2006-08-11 21:45:24 · answer #1 · answered by Securegeek 3 · 2 0

Copyright laws protect against copying. Libraries are not copying books by lending them out.

Google was potentially infringing (it's debatable whether it falls within the fair use doctrine) by making electronic copies of the books for indexing. Even though the users of the system would not have a full copy of the book, the act of scanning and parsing the book to create the index it itself an electronic copy.

Completely different.

2006-08-12 04:36:43 · answer #2 · answered by coragryph 7 · 1 0

possibly. i love libraries, and i believe that society benefits from a free (or reasonably simple and inexpensive) sharing of ideas that libraries enable.

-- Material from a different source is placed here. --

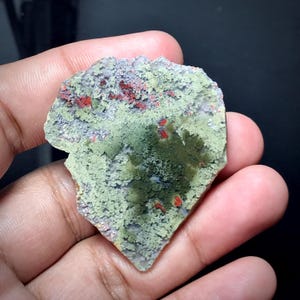 Könnte beinhalten: Ein Stück roher, ungeschnittener Stein mit strukturierter Oberfläche. Der Stein weist eine Mischung aus Farben auf, darunter hellgrün, grau und rot. Der Stein wird in einer Hand vor dunklem Hintergrund gehalten.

please look at the free culture movement for information on how copyright law has changed in recent decades to change what is clearly allowable under fair use. i am very concerned that we will lose the ability to share ideas and culture as we are doing now if we don't pay attention to the ways the law is being bent.
http://freeculture.org/

2006-08-11 21:41:39 · answer #3 · answered by uncle osbert 4 · 0 0

No, because they PURCHASE the actual books to be circulated. If they made copies of the book via then virtual world, then it could be a copywrite infringement unless they had the express permission of the author, and I imagine that would likely involve a hefty annual fee with a per use access fee.

Another downside, if you have ever tried to read an on-line e-book (or a legal brief), it that after about the first chapter it your eyes are strained and watery and it is hard to follow. Online access is great for summaries, but for detailed information and stories, we are always going to need actual printed books.

2006-08-12 01:24:52 · answer #4 · answered by bottleblondemama 7 · 1 1

uhh i dont think so.

so whats the problem yo? u got something against soemthin or someone yo??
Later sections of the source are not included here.